Barraqueira

To Likeness or Not to Likeness

As I have been training AI image models for quite time now, I have been noticing a pattern in the real world, not in the models.

Expectations for what counts as a "real" image are perhaps decreasing, or at least a high level of realism is no longer expected—and that seems to be acceptable. This is interesting to observe because, with this new mindset, we are witnessing the emergence of a new aesthetic for our times.

For example, a friend of mine shared the logo for her new business, and I pointed out a visible mistake—at least to my eyes. The silhouette of the woman in the logo was missing part of her arm. I mentioned this to my friend, but she was not concerned about the mistake. She simply laughed and said it was totally fine.

More recently, two professionals posted pictures promoting their businesses using AI-generated images in which their likenesses were not very accurate. It was not merely a filter smoothing their skin; the model had slightly altered their facial features. Trainers spend a great deal of time evaluating models based on human and object likeness: Does this look like the person in the image? Does this look like a real logo from the real world?

As evaluators, we compare generated outputs with established conventions from the real world. For example, logos typically do not use captions beneath their emblems. Brands do not necessarily choose names or designs that explicitly describe the industries they operate in; often, they are driven by aesthetics and symbolism instead, as in the cases of Apple and Amazon.

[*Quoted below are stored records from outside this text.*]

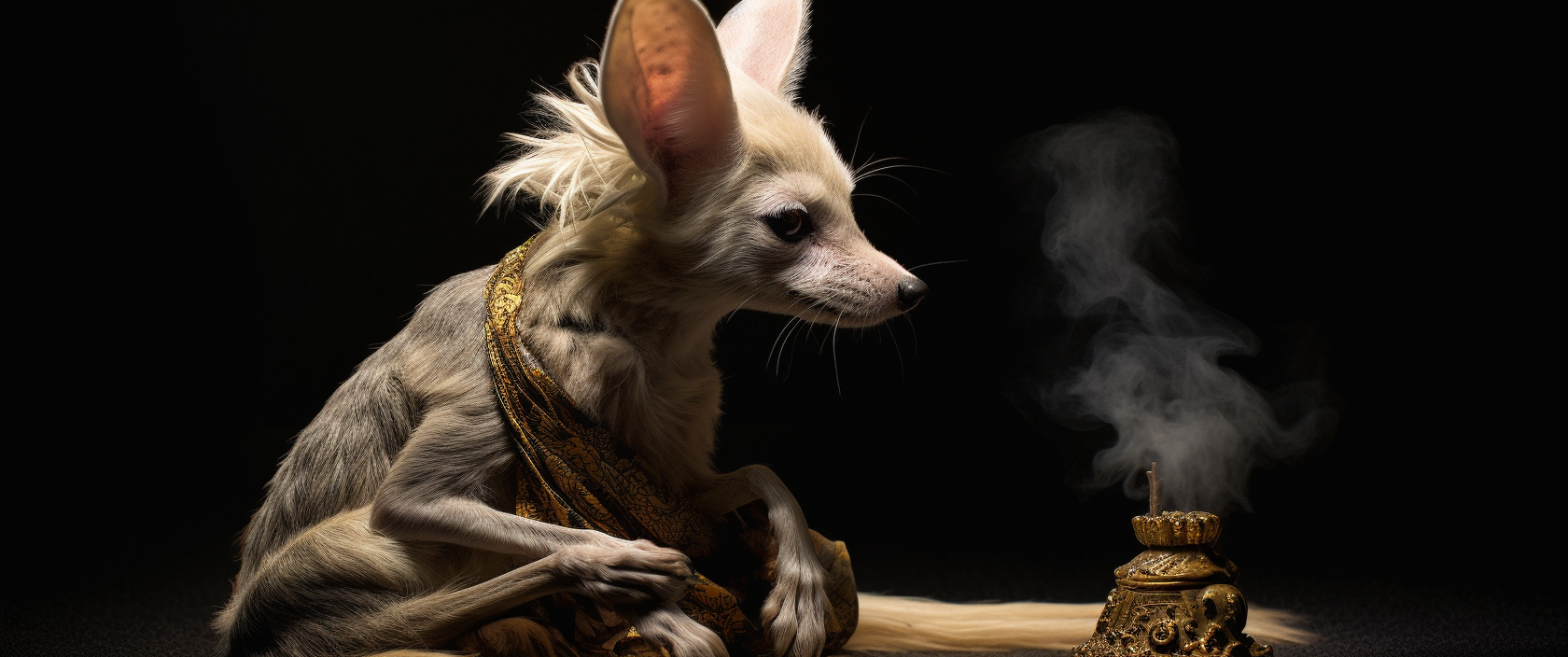 Aged wise fennec fox meditating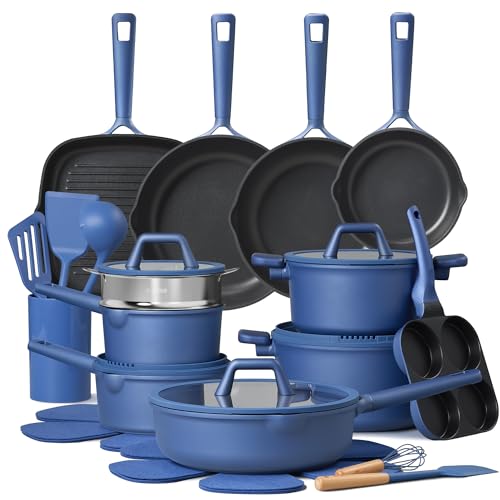 CAROTE 31PCS Pots and Pans Set, Nonstick Cookware Set Kitchen Non Stick Induction Titanium Cookware Non-toxic Granite Cooking set, PFOA Free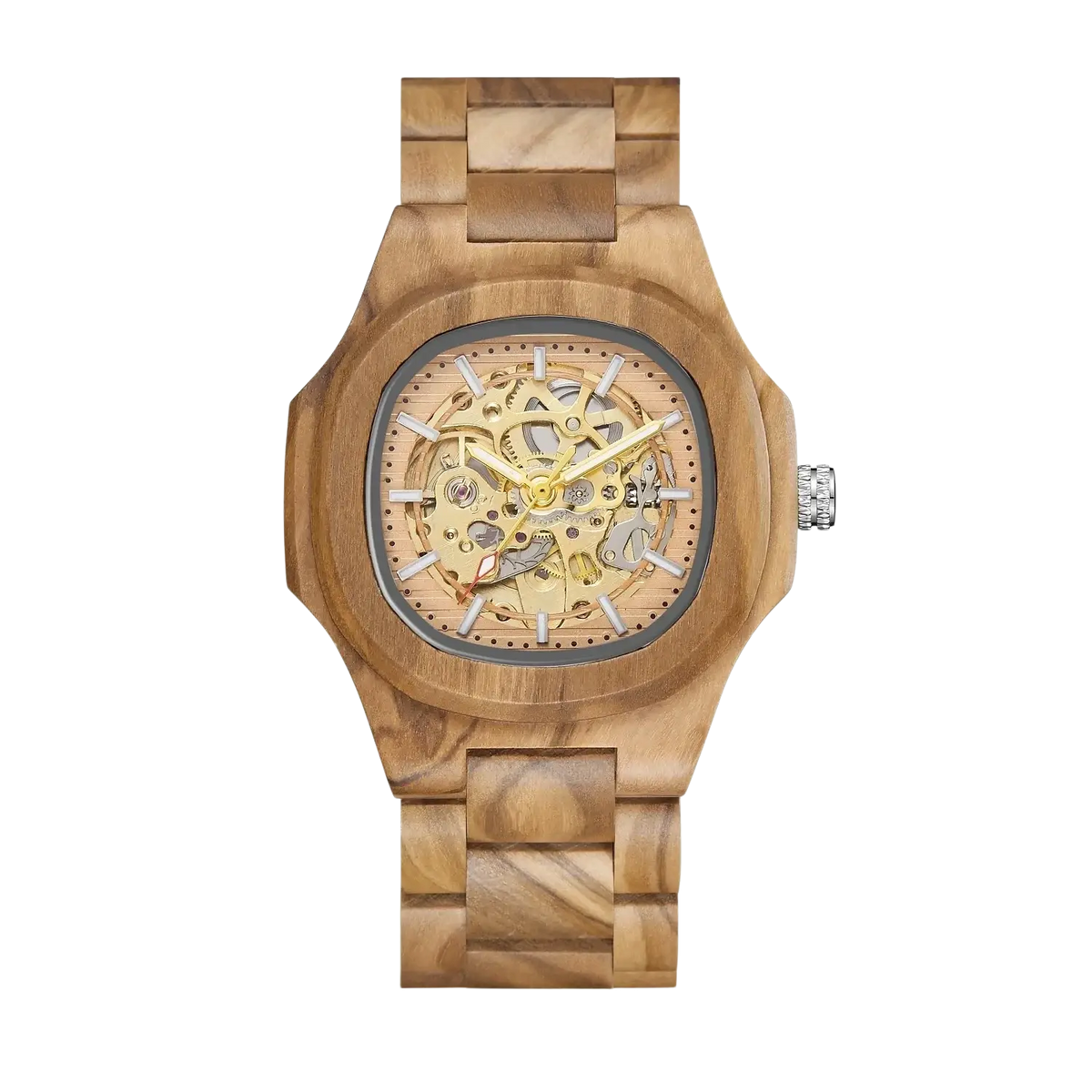 A wooden mechanical skeleton watch with a square face automatic movement and gold-toned hands in stainless steel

When evaluating human images, we generally consider it unappealing when a person's appearance is rendered in ways that contradict their real features. Differences in likeness matter.

Yet outside the evaluation environment, these inconsistencies seem to matter less and less. Perhaps we are not only adapting to AI-generated images, we are also developing new visual expectations on what means to be real-real human. We have for example passed the time in which we would comment or point filters that make people "prettier" ( like a photoshoot edit from the 2000s) and now entering a venture in which people might look very different from its original version in images. Looking different in images shouldn't be something viewed with suspicion or disapproval = we change our looks: our lips, our breasts, our hair, don't we?

I don't have any conclusions about the direction our human aesthetics will move toward.

As someone who trains AI, I am a bridge in between, telling the machine what it looks like to be or look like a human, while on the other side I see humans wanting to look and be less like humans. Which is not contradictory.

Just a human thing. And I am in between.